Lattice extraction of $ K \to \pi \pi $ amplitudes to NLO in partially quenched and in full chiral perturbation theory

TL;DR

This paper demonstrates how to compute $K o \pi\pi$ amplitudes to NLO in partially quenched and full chiral perturbation theory using lattice methods, addressing finite volume effects and operator ambiguities.

Contribution

It introduces a method to construct $\epsilon'/\epsilon$ at NLO from lattice-computable amplitudes without requiring three-momentum insertion, and clarifies the treatment of penguin operators in PQChPT.

Findings

NLO $K o \pi\pi$ amplitudes can be obtained without three-momentum on the lattice.

Enhanced finite volume effects vanish at NLO when sea and valence quark masses are equal.

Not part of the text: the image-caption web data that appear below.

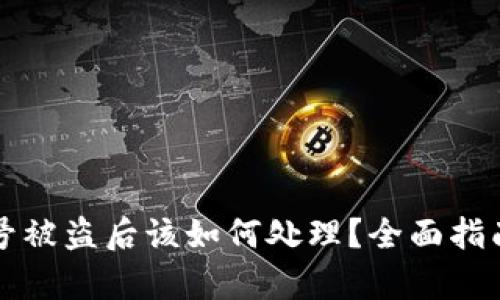 tpWallet账号被盗后该如何处理?全面指南与解决方案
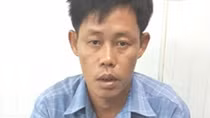 Thông tin mới nhất vụ triệt phá băng trộm hàng loạt tiệm vàng lớn nhất miền Tây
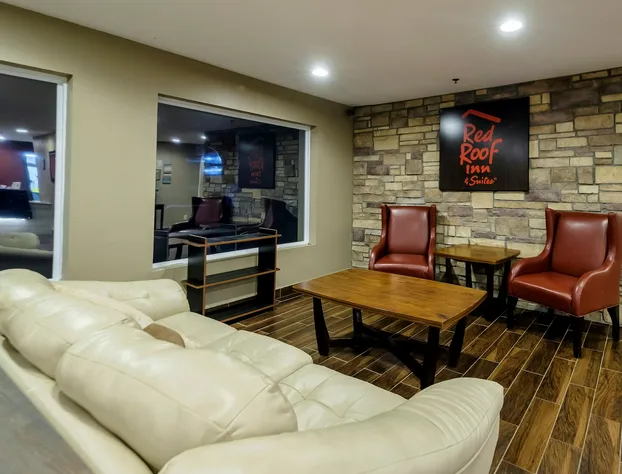 Red Roof Inn Osage Beach - Lake of the Ozarks hotel detail image 4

Explicit finite logarithm expressions for the amplitudes are provided.

Abstract

We show that it is possible to construct $\epsilon^\prime/\epsilon$ to NLO using partially quenched chiral perturbation theory (PQChPT) from amplitudes that are computable on the lattice. We demonstrate that none of the needed amplitudes require three-momentum on the lattice for either the full theory or the partially quenched theory; non-degenerate quark masses suffice. Furthermore, we find that the electro-weak penguin ($\Delta I=3/2$ and 1/2) contributions to $\epsilon^\prime/\epsilon$ in PQChPT can be determined to NLO using only degenerate ($m_K=m_\pi$) $K\to\pi$ computations without momentum insertion. Issues pertaining to power divergent contributions, originating from mixing with lower dimensional operators, are addressed. Direct calculations of $K\to\pi\pi$ at unphysical kinematics are plagued with enhanced finite volume effects in the (partially) quenched theory, but in simulations when the sea quark mass is equal to the up and down quark mass the enhanced finite volume effects vanish to NLO in PQChPT. In embedding the QCD penguin left-right operator onto PQChPT an ambiguity arises, as first emphasized by Golterman and Pallante. With one version (the "PQS") of the QCD penguin, the inputs needed from the lattice for constructing $K\to\pi\pi$ at NLO in PQChPT coincide with those needed for the full theory. Explicit expressions for the finite logarithms emerging from our NLO analysis to the above amplitudes are also given.